After she left I drove past a yarn store called Knittin’ Kitten. It was open, which it isn’t always, when Mary Jane Wedlock, the owner travels she closes the store and wistful women cruise by until she returns. I bought some thick brightly colored wool to knit a beanie – it was my first time using circular needles and they twisted the wool and the hat around and around and inside out – it was unwearable. I pulled all my knitting out. Second time the same. I fled to Mary Jane for advice. She has a long table at which desperate women like me sit, our fingers fumbling until we ask her counsel. The simplicity of what she says always strengthens us; we’re again in command of the yarn.  Newly confident we smile at others and settle peacefully back into our chairs.

She said I needed to cast on and then press all the stitches inward – somehow they know they needed to behave after that and so a warm hat was born.

But there was some really lovely rough organic wool I’d spied that I couldn’t get out of my head, and so yesterday I went back to the Knittin’ Kitten. There were other three women seated at the long table smiling serenely as their needles clicked and yarn skimmed over their fingers.  A radio was softly playing Second World War type music favorites.

I bought seven skeins of yarn and while Mary Jane spun it into big balls I sat at the table and cast on.

I joined a conversation that sometimes falls into silence as someone casts off, or retrieves a dropped stitch, or counts rows. The woman next to me, a teetotaler who wore earrings that looked like red peppers, had become fascinated by websites about homemade liqueurs. I don’t really like strong alcohol but I love Limoncello, an Italian liqueur. I told her my recipe which is basically vodka poured into a glass jar, with an equal part of sugar, juice of a couple of lemons, zest of those lemons, and then I pop a whole lemon in with slits cut into it and leave it for about three weeks. It thickens and becomes syrupy; it’s good over creamy vanilla ice cream. Other women discussed cruise and shipping lines, while an elegant woman discussed shares.
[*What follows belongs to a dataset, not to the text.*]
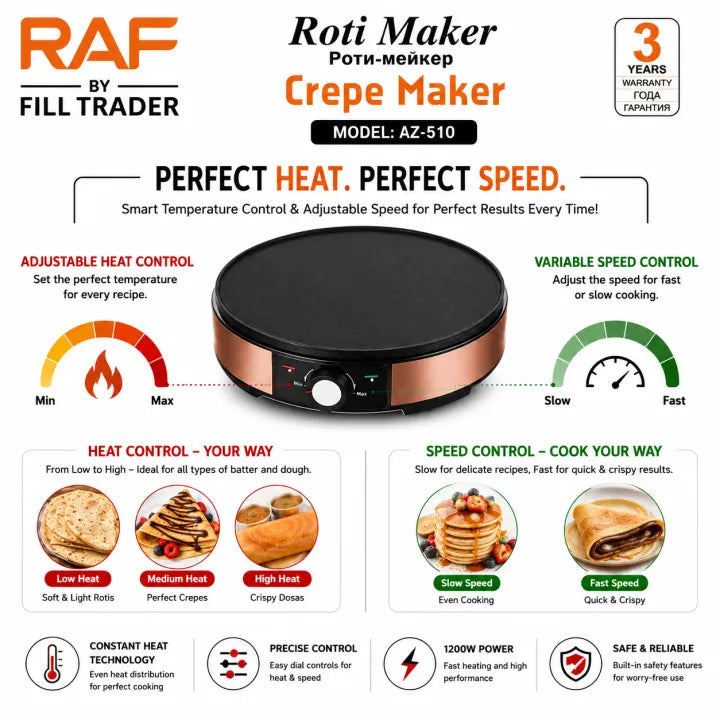 Extreme Discount π₯| Fill Trader Electric Roti Maker AZ510 Nonstick Crepe Maker with Fast Heating 1200W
As I sat in the sun today, one inch complete of the sixteen I need to finish for the back of the cardigan, I thought of how knitting is a crafts more should try. It is a meditation, and a stress reliever, science tells us that it lowers cholesterol, and improves brain function. I knit in lectures because it improves my concentration. Next time you see a knitter, contemplate on how peaceful she or he looks, and how they seem to create an island of tranquility around them.  We’ve forgotten how simple it is to create peace within.

Charlene Smith is an award-winning journalist and an authorized biographer of Nelson Mandela. She lives and works in Cambridge, Massachusetts.